• Recorded information
☆ ☆ ☆ ☆
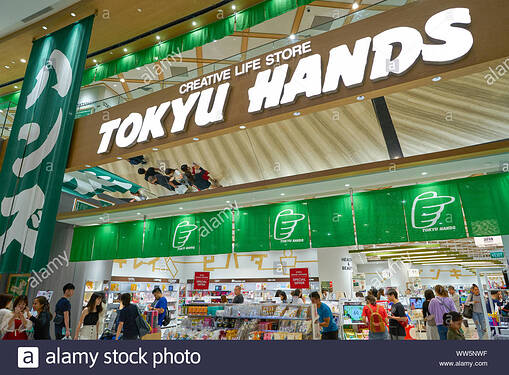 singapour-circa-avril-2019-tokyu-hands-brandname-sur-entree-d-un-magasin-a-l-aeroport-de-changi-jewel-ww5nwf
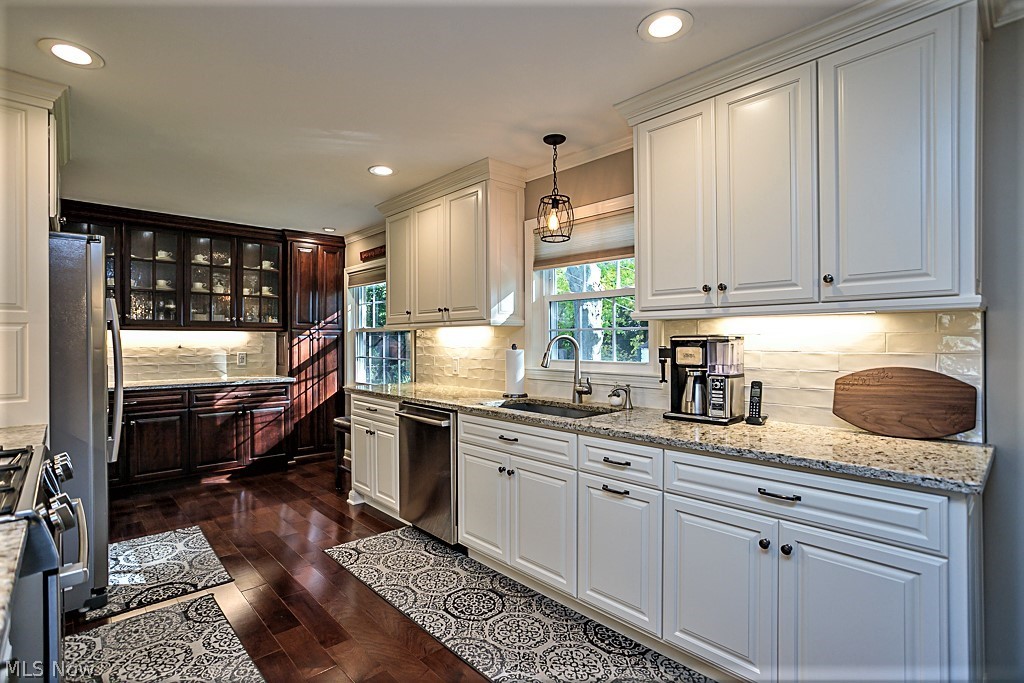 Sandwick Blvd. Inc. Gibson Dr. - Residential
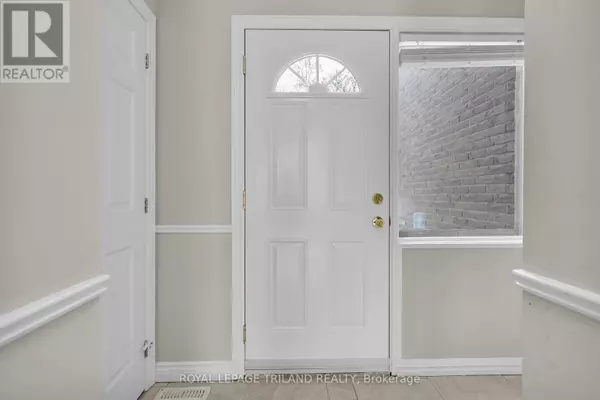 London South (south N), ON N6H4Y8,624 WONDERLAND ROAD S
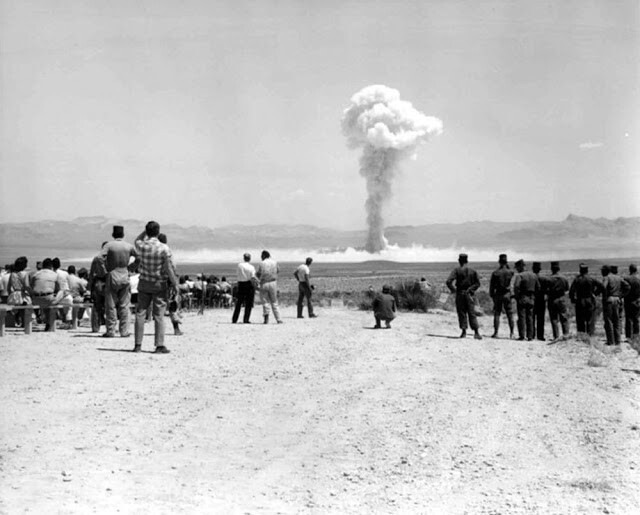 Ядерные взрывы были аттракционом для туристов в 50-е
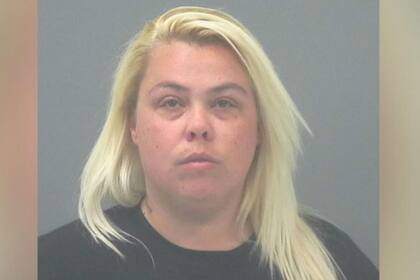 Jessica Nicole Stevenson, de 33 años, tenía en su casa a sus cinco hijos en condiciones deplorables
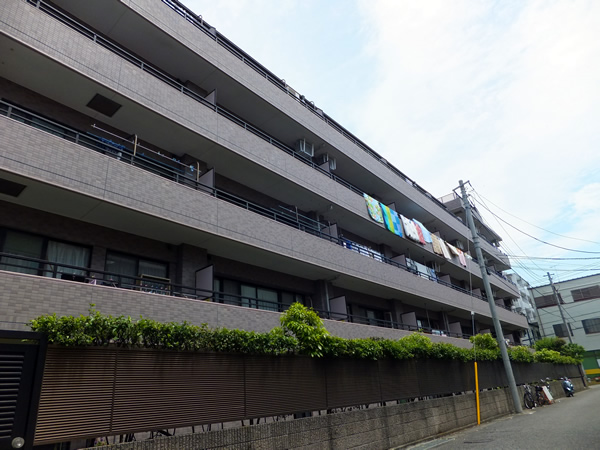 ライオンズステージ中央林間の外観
☆ ☆ ☆ ☆
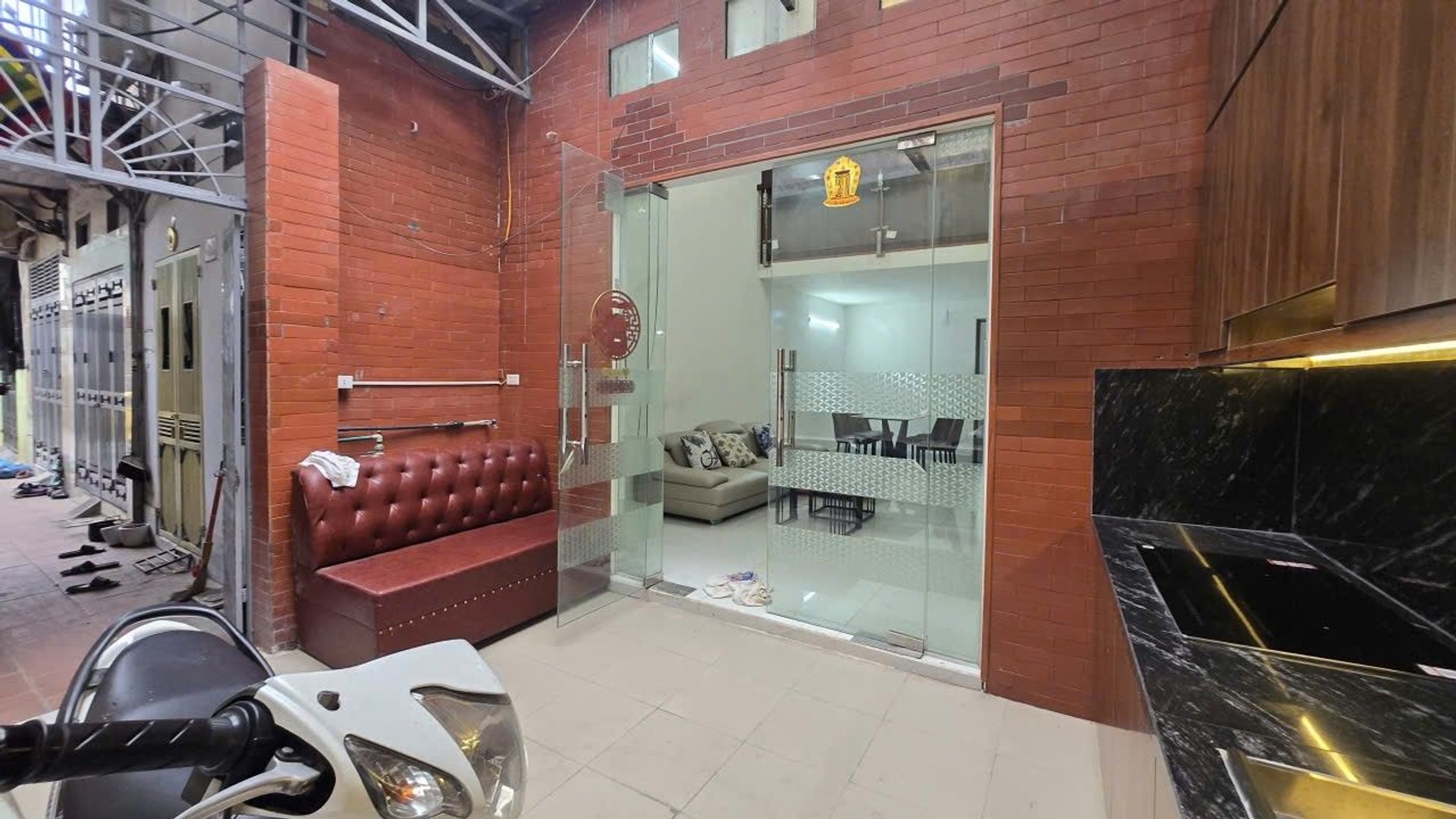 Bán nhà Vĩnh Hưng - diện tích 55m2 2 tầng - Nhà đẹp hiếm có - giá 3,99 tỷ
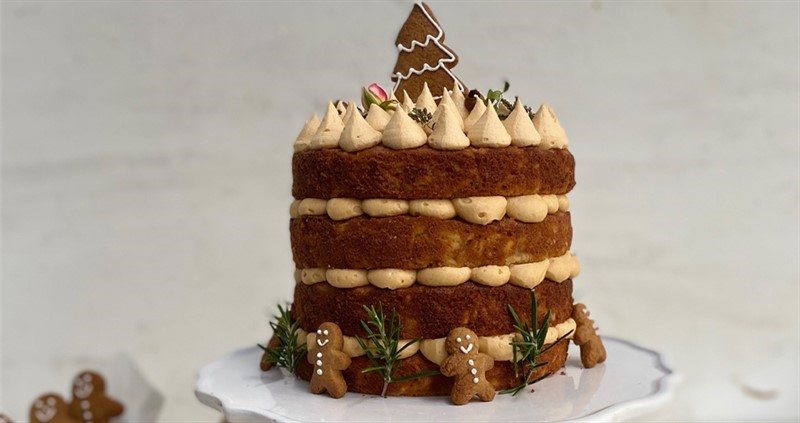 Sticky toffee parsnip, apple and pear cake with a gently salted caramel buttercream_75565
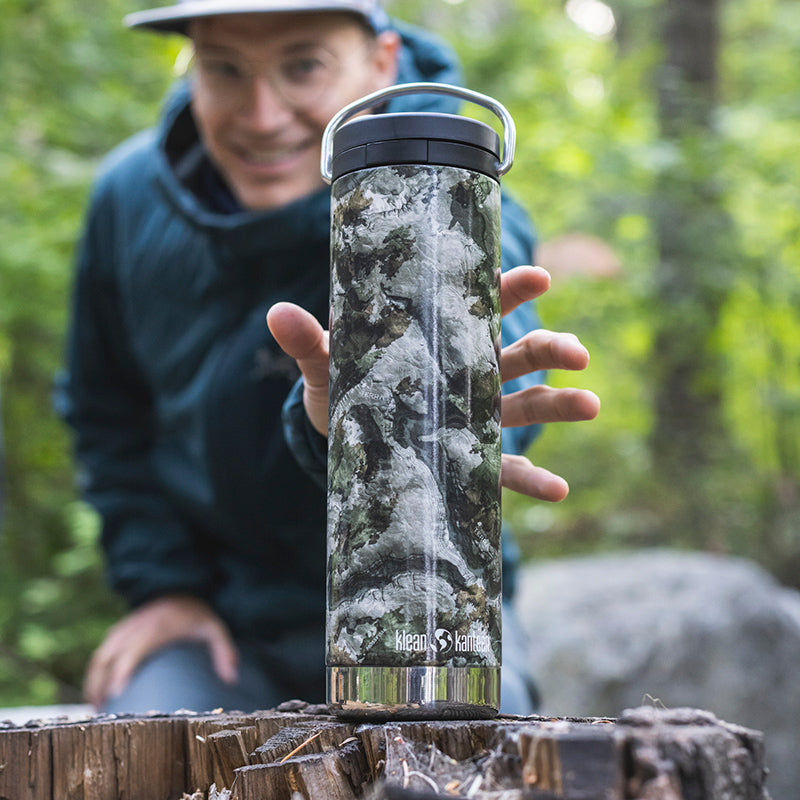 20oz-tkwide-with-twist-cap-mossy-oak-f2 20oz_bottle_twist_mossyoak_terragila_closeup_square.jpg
☆ ☆ ☆ ☆
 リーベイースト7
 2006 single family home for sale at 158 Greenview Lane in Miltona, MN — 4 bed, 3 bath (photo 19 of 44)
☆ ☆ ☆ ☆
• Assignment
When you reach the line with "Ядерные взрывы были" in the records above, start writing out each line exactly, and stop after the line with "ライオンズステージ中央林間の外観". Pictures stay out.

• Answer space
 Ядерные взрывы были аттракционом для туристов в 50-е
 Jessica Nicole Stevenson, de 33 años, tenía en su casa a sus cinco hijos en condiciones deplorables
 ライオンズステージ中央林間の外観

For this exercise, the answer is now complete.